As generative AI (GenAI) adoption accelerates, moving into production and implementation, enterprises face challenges posed by outdated legacy infrastructure. While many enterprises have modernized by migrating to public cloud platforms, these deployments remain concentrated in centralized datacenters, often far from remote business locations and customers.
To address this, enterprises are anticipating an infrastructure evolution at the edge aimed at overcoming technical debt and enabling true AI readiness. This shift requires tackling two priorities: modernizing legacy infrastructure and extending public cloud capabilities to edge locations. GenAI’s data-intensive requirements for proximity to customers call for investments in a modern infrastructure that extends from core to edge, addressing scalability, latency, cost, and performance challenges.
This transformation, or what is emerging as “The Edge Evolution,” necessitates a new connected digital backbone to handle the exponential growth of edge data with enhanced performance, robust security, and scalability. By leveraging public cloud-based infrastructure across the core to edge, enterprises can rightsize workloads and run applications efficiently, wherever they are needed. This decentralized approach to IT services improves performance, optimizes IT costs, and enhances customer experiences by bringing services closer to users.

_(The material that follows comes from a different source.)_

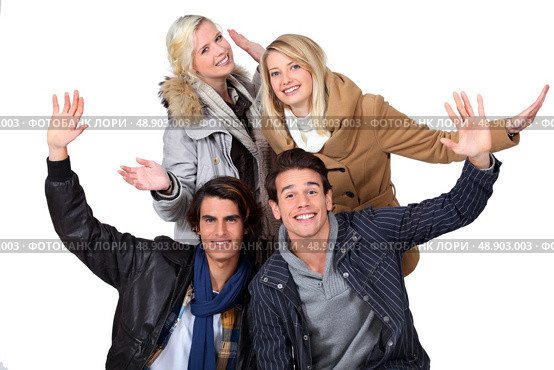 Two couples in winter clothing. Стоковое фото, агентство Ingram Publishing / Фотобанк Лори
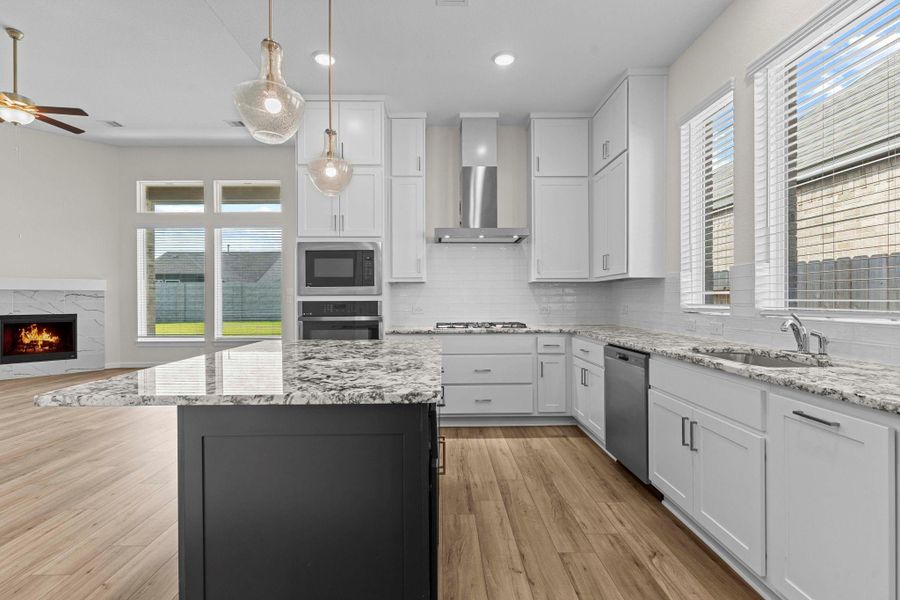Kitchen design highlights a spacious layout with white cabinetry, walk-in pantry, and seamless connection to the family room. Look at the deep undermount stainless steel sink and all the granite counters that will surround you!  Notice how the gourmet kitchen flows gracefully into the amazing large family area!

IDC forecasts a significant shift toward public cloud-based provisioned services at the edge over the next three years. Spending on public cloud services at the edge is projected to reach US$29 billion by 2028, representing a 17% compound annual growth rate (CAGR) from 2024 to 2028 in the Asia/Pacific (excluding Japan) region.1 This IDC InfoBrief explores the evolving IT landscape, highlighting how enterprises are building their digital infrastructure around connected public cloud models. It also provides best practices and actionable recommendations for designing a modern digital infrastructure that meets both current and future needs.